The difficulty creeps in, though, when those same approaches
are used to try to predict the behavior of phenomena that are too complex to
conform to any such model. You can make such predictions with fairly good
results if you pay attention to history, because history is the product of the
full range of causes at work in comparable situations, and if A leads to B over
and over again in a sufficiently broad range of contexts, it’s usually safe to
assume that if A shows up again, B won’t be far behind. Ignore history, though,
and you throw away your one useful source of relevant data; ignore history,
come up with a mental model that says that A will be followed by Z, and insist
that since this can happen it will happen, and you’re doomed.
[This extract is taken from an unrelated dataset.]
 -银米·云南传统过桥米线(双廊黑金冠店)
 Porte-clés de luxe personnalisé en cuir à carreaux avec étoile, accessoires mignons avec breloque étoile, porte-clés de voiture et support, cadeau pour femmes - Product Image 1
Human behavior, individual as well as collective, is
sufficiently complex that it falls into the category of things that rational
models divorced from historical testing regularly fail to predict. So do many other things that are part of
everyday life, but it’s usually the failure of rational philosophies to provide
a useful understanding of human behavior that drives the revolt against
rationalism. Over and over again, rational philosophies have proclaimed the
arrival of a better world defined by some abstract model of how human beings ought
to behave, some notion or other of what can happen, and the actions people have
taken to achieve that better world have resulted in misery and disaster; the
appeal of rationalism is potent enough that it normally takes a few centuries
of repeated failures for the point to be made, but once it sinks in, the age of
reason is effectively over.
That doesn’t mean that the intellectual tools of rationalism
go away—quite the contrary; the rise of what Spengler called the Second
Religiosity involves sweeping transformations of religion and rational
philosophy alike. More precisely, it demands the abandonment of extreme claims
on both sides, and the recognition of what it is that each does better than the
other. What comes after the age of reason isn’t a new age of faith—not right
away, at least; that’s further down the road—but an age in which the claims of
both contenders are illuminated by the lessons of history: an age of memory.
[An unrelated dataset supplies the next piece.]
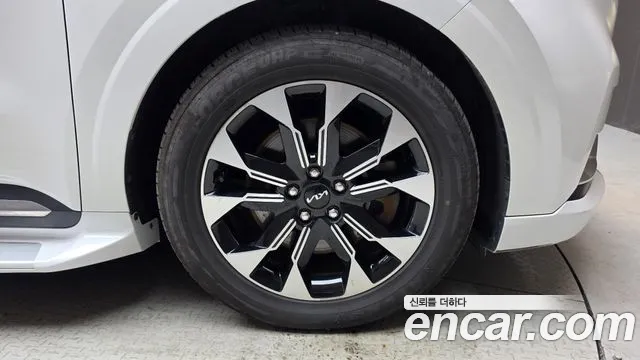 Kia Carnival 4th Gen — Фото автомобиля 6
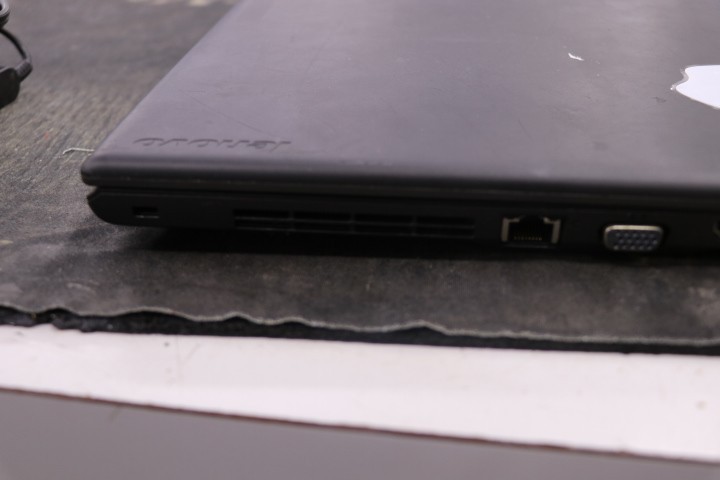 Lenovo ThinkPad E555 SL10H42791 15.6in AMD A6-7000 8GB RAM Parts Only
That’s why, a few centuries after the rationalists of
Greece, India, and China had denounced or dismissed the gods, their heirs
quietly accepted a truce with the new religious movements of their time, and a
few centuries further on, the heirs of those heirs wove the values taught by
the accepted religion into their own philosophical systems. That’s also why,
over that same time, the major religions of those cultures quietly discarded
claimsthat couldn’t stand up to reasonable criticism. Where the Greeks of the Archaic period
believed in the literal truth of the Greek myths, and their descendants of the
time of Socrates and Plato were caught up in savage debates over whether the
old myths had any value at all, the Greeks of a later age accepted Symmachus’
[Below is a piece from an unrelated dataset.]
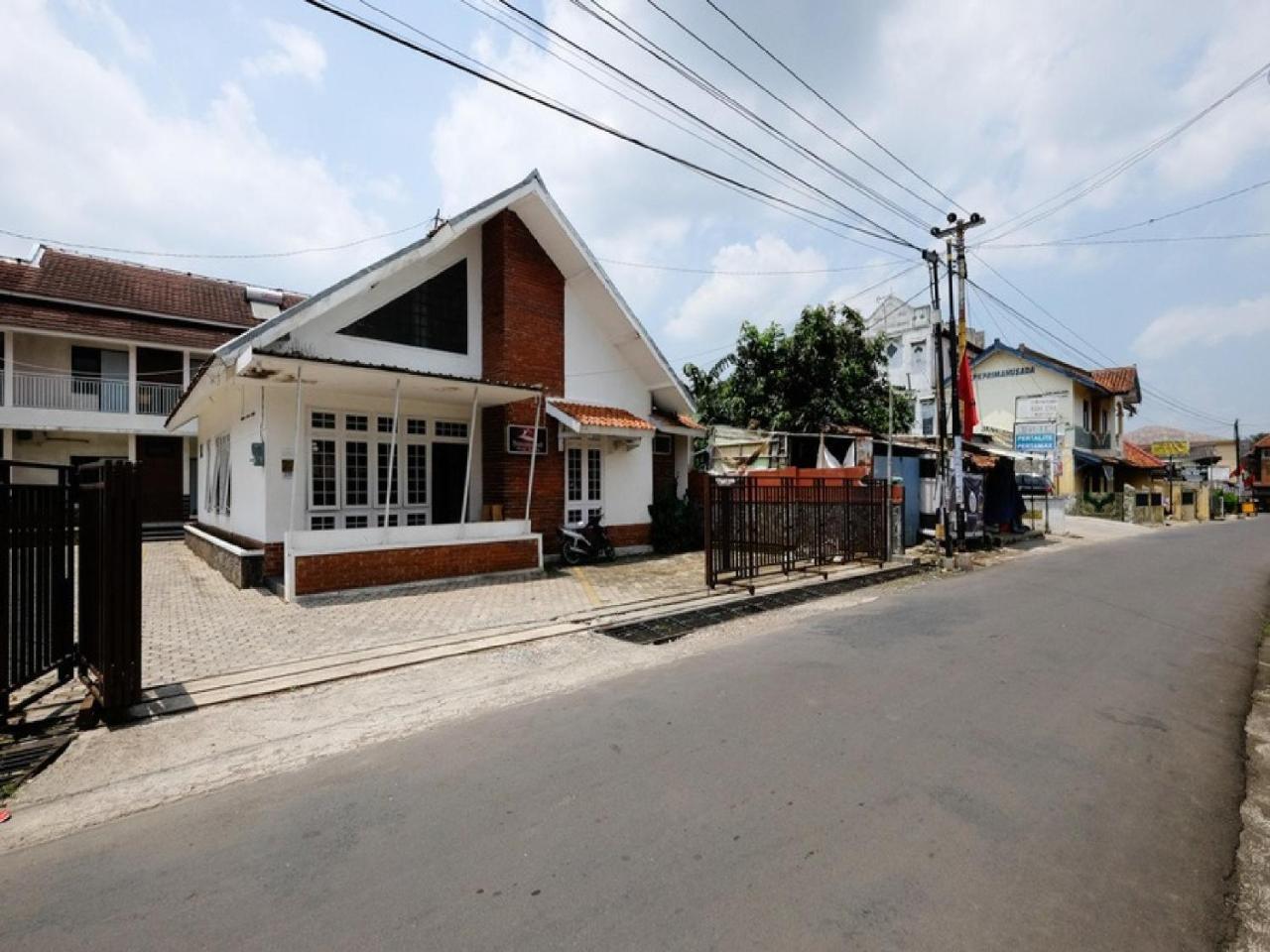 Reddoorz Near Moro Mall Purwokerto Exteriér fotografie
neat summary—“Myths are things that never happened, but always are”—and saw no
conflict at all between pouring a libation to Zeus the Thunderer and taking in
a lecture on physics in which thunderbolts were explained by wholly physical
causes.
That state of mind is very far from the way that most people
in the contemporary industrial world, whether or not they consider themselves
to be religious, approach religious beliefs, narratives, and practices. The absurd lengths to which today’s Christian
fundamentalists take their insistence on the historical reality of the Noah’s
ark story, for example, in the face of conclusive geological evidence that
nothing of the sort happened in the time frame the Biblical narrative provides
for it, is equalled if not exceeded by the lengths to which their equal and
opposite numbers in the atheist camp take their insistence that all religions
everywhere can be reduced to these terms.